22 Gen 2016
AFFINITA’ ELETTIVE, DA DE CHIRICO A BURRI, alla Galleria d’Arte Moderna di Roma
di Sabrina Sciabica (AG. RF. 22.01.2016)
(riverflash) – Il nuovo anno comincia con una mostra affascinante e intrigante per il pubblico della capitale, già a partire dal titolo, Le affinità elettive.
Il percorso, alla Galleria d’Arte Moderna di Roma, suggerisce un confronto tra autori prevalentemente italiani a partire dal nome più famoso, Giorgio de Chirico, per proseguire con i suoi contemporanei.
Nelle opere si affrontano temi come la precarietà dell’esistenza umana, il senso di solitudine e l’inquietudine spesso presenti negli autori del Novecento. La sconfortante ricerca del divino o di qualcosa che dia un senso all’umana esistenza è esplicata, anche, nei temi del viaggio e della partenza; il nichilismo si traduce talvolta nell’oblio, o nel senso di tragica attesa e di immobilità. E, ancora, i temi dell’arcano e del mistero, in immagini ermetiche, accomunate da atmosfere sospese a metà tra sogno e realtà.
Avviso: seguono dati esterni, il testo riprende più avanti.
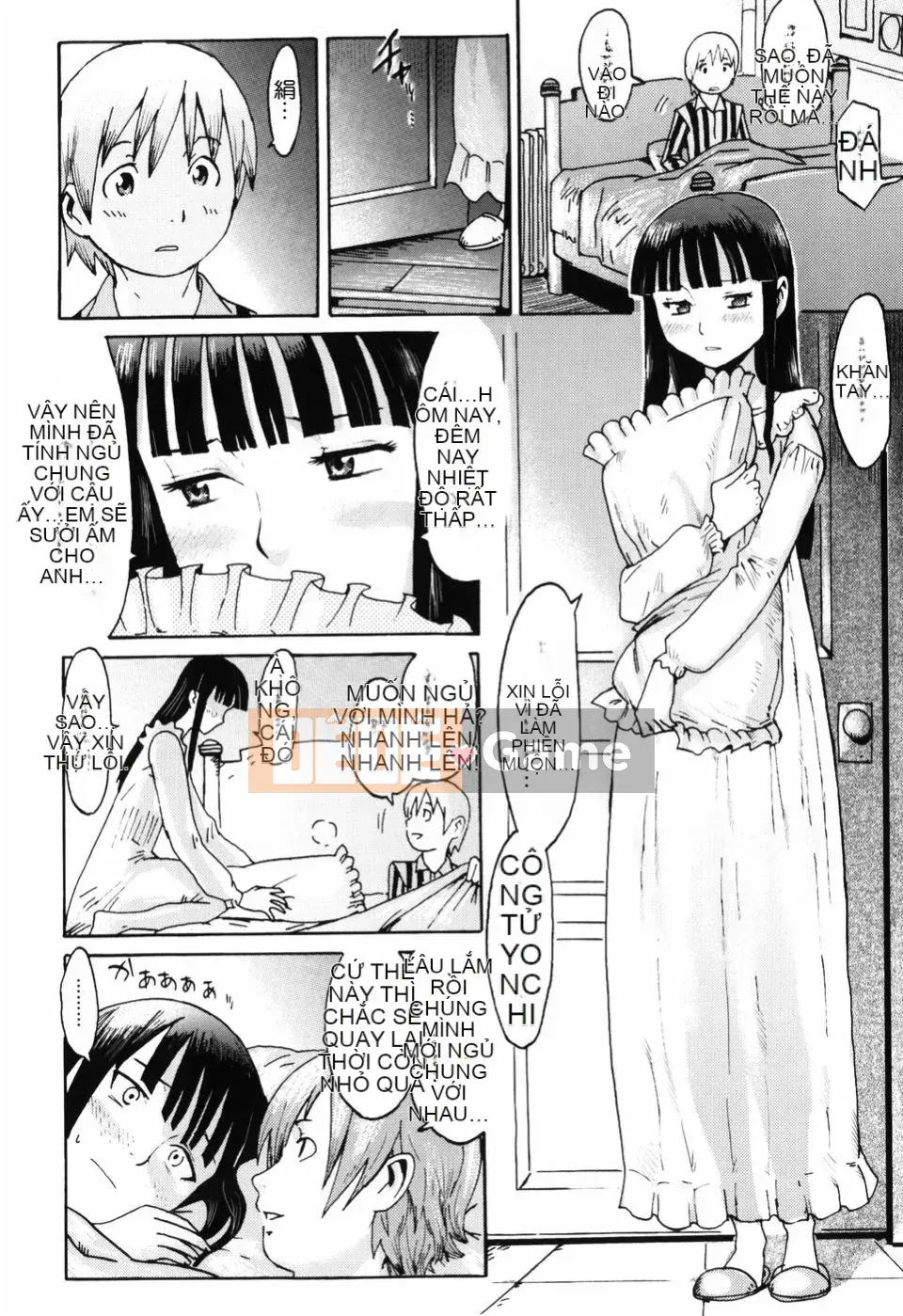 [Black Rock Onyx] SỮA ĐỔ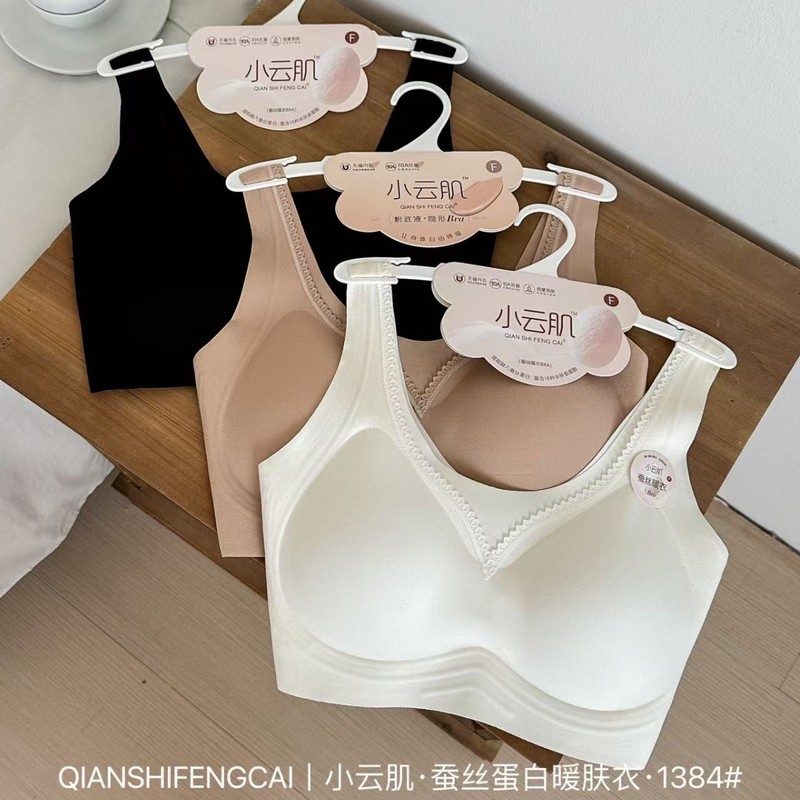 秋冬新款1384小云肌全固定蚕丝蛋白磨毛暖肤衣宽肩带固定杯无痕舒|undefined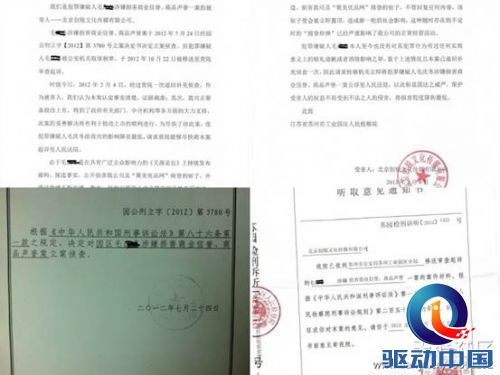 聚美优品:比临时工更可怕的是前员工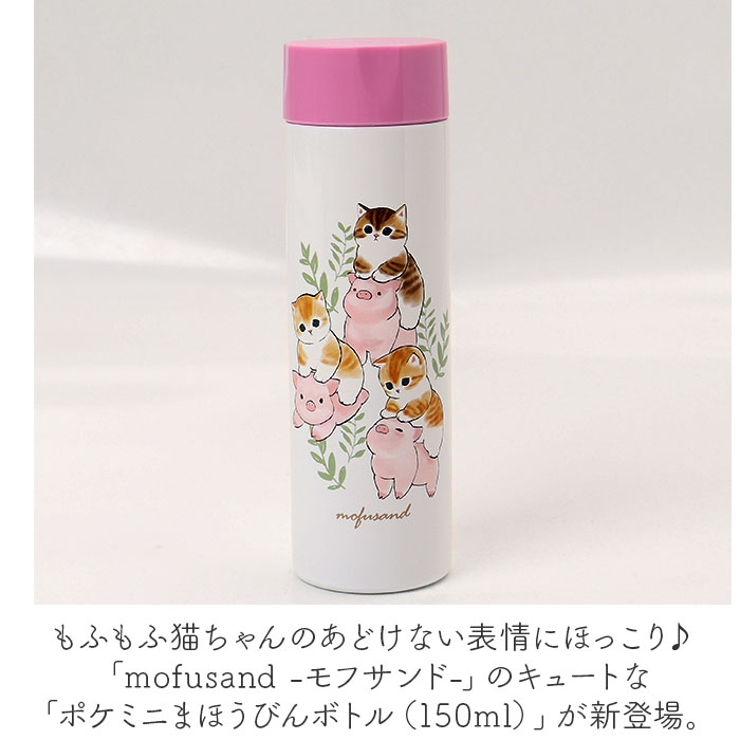 mofusand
Appena entrati, ci accoglie l’ Enigma della partenza, dipinto di de Chirico del 1914, con le parole dell’autore che perfettamente lo descrive: “Portici al sole, statue addormentate. Comignoli rossi, nostalgie di orizzonti sconosciuti…e l’enigma della scuola, e la prigione e la caserma; e la locomotiva che fischia la notte sotto la volta gelida e le stelle. Sempre l’incognito”.
Si prosegue con artisti di personalità differenti ma che, sulle opere del padre della metafisica, hanno profondamente meditato. Ammiriamo diverse tele di Filippo de Pisis, tra cui spicca l’ Interno dello studio del 1941 dai tipici tratti spezzati e ricchi di colore. E ancora le famose nature morte di Giorgio Morandi (sono qui esposte numerose acqueforti sia a colori che in bianco e nero) e quelle di Alberto Savinio, anche in questo caso, insieme alle parole dell’autore che presenta così la sua arte: “Le mie pitture non finiscono dove finisce la pittura. Continuano. E si capisce. Erano già nate prima che fossero dipinte. È giusto che vivano anche al di là della superficie dipinta”.
Le opere messe a confronto fanno parte della collezione della Galleria capitolina e della Fondazione Magnani Rocca e comprendono, oltre agli autori già citati, anche le sculture di Giacomo Manzù, e altri celebri nomi come Renato Guttuso, Giuseppe Capogrossi, Mario Mafai, Toti Scialoja, Carlo Carrà. Si comincia dagli anni Venti e si prosegue fino agli anni Sessanta, per terminare con le ricerche informali di Alberto Burri, con il Sacco del 1954.
Alla figura del mecenate Luigi Magnani, padre dell’omonima fondazione, profondo conoscitore dell’arte, oltre che scrittore e musicologo, la mostra dedica una sezione documentaria con scritti e corrispondenze.
Alle affinità tra le opere, si aggiunge quella tra pittura e musica poiché la visita ha un sottofondo musicale in cui si alternano brani di Ottorino Respighi, Debussy ed altri ancora, fino al compositore estone di musica contemporanea Arvo Pärt.
Visitabile fino al 13 marzo 2016 alla Galleria di via Crispi, è un evento assolutamente imperdibile per gli appassionati della cultura e dell’arte moderna e contemporanea.